The real wake-up call for me has been in falling in love and getting married. My husband is not only black, but he wasn't born in the UK, though he has been here since he was a child. Suddenly I had someone 'different' as a huge part of my life, which had previously been largely made up of people who looked pretty much the same as I did.  Race was brought home to me in a way that I don't think it could have been under other circumstances.

At first it was witnessing other people's reactions to my partner-then-spouse. Mostly people were well-meant; occasionally they were asking for a smack. The worst thing for me, however, was knowing that there was once a point in my own history when the well-meant remarks wouldn't have even registered as deeply offensive.

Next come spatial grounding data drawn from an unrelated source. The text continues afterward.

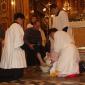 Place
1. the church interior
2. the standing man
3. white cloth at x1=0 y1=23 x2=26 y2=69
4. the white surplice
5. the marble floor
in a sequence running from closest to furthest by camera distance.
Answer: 1. the marble floor
2. the church interior
3. white cloth at x1=0 y1=23 x2=26 y2=69
4. the white surplice
5. the standing man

As I said, speaking as a person from the main perpetrating race, I think some racism is actually accidental and down to ignorance more than hatred, though we all know that is also out there. But (God-willing), one day I could be the mother of mixed-race child. Publicly, on TV and in the press we may be very PC and inclusive but on the ground level we are only making snail-paced progress. That we have come a long way since the 1919 riots against mixed marriages is not a sign that we can let up on our self-re-education. If it's wrong to use certain phrases in the press, it should be wrong in the pub because if it isn't wrong in the pub, it won't be wrong among the little ones in the schoolyard.